**Exercise**
Print out the data that follows exactly, character for character, apart from the pictures.

**Information supplied**
═══

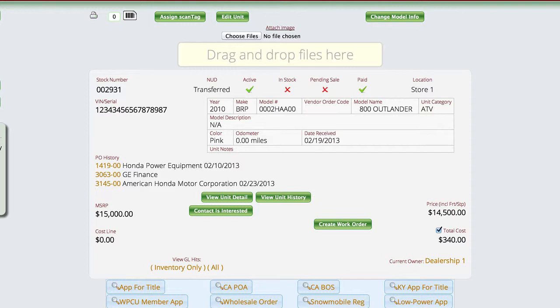Like I said, there's a lot of different things that go into when we can do what, but the Change Model Info button here on the major unit item itself will enable me to change whatever I need to for that particular unit.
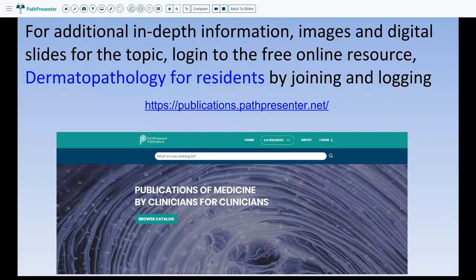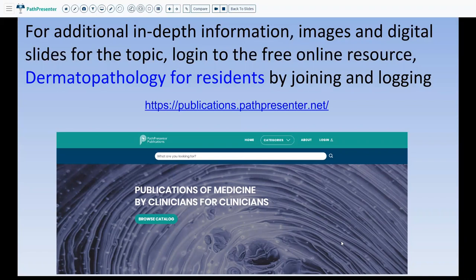For any of these diagnoses, if you need additional in-depth information, more clinical images, or digital slides, visit publications.pathpresenter.net — a free resource for dermatopathology for residents with in-depth information on a wide range of diagnoses, freely available on any device. Thank you and see you next time.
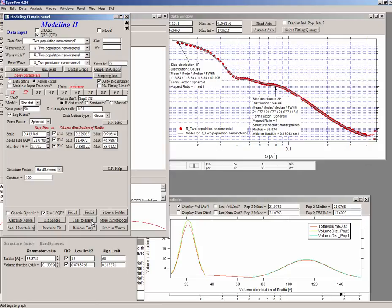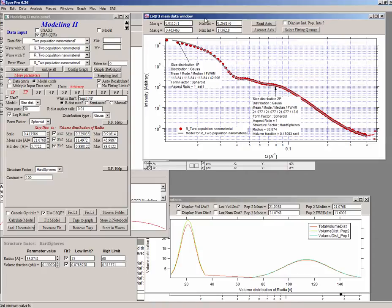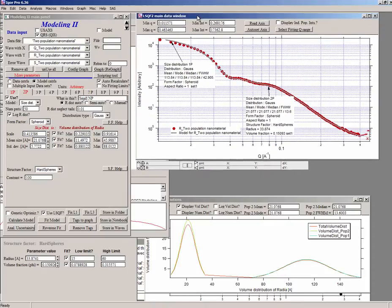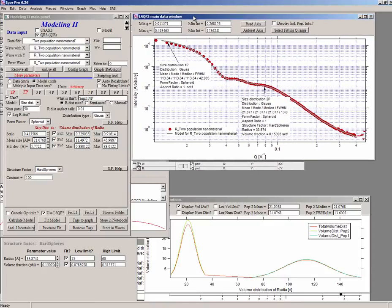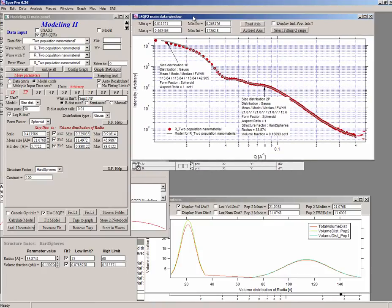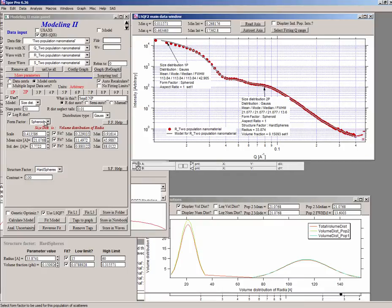But anyway, I hope I have shown you that if the data have enough information and you know at least something about them, in this case we could hopefully trust the fact that we can use spheres because we are using spheroid with aspect ratio one as a form factor. So we can use spheres as a model. Hopefully that's close enough to the real materials.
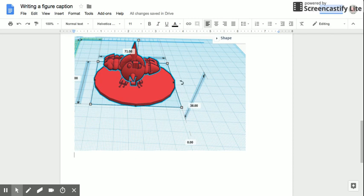Now when writing a figure caption it's really important to explain all the things that a viewer of this diagram would need in order to understand it. So there are a couple of essential pieces here.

═══

**Exercise response**
Like I said, there's a lot of different things that go into when we can do what, but the Change Model Info button here on the major unit item itself will enable me to change whatever I need to for that particular unit.
For any of these diagnoses, if you need additional in-depth information, more clinical images, or digital slides, visit publications.pathpresenter.net — a free resource for dermatopathology for residents with in-depth information on a wide range of diagnoses, freely available on any device. Thank you and see you next time.
But anyway, I hope I have shown you that if the data have enough information and you know at least something about them, in this case we could hopefully trust the fact that we can use spheres because we are using spheroid with aspect ratio one as a form factor. So we can use spheres as a model. Hopefully that's close enough to the real materials.
Now when writing a figure caption it's really important to explain all the things that a viewer of this diagram would need in order to understand it. So there are a couple of essential pieces here.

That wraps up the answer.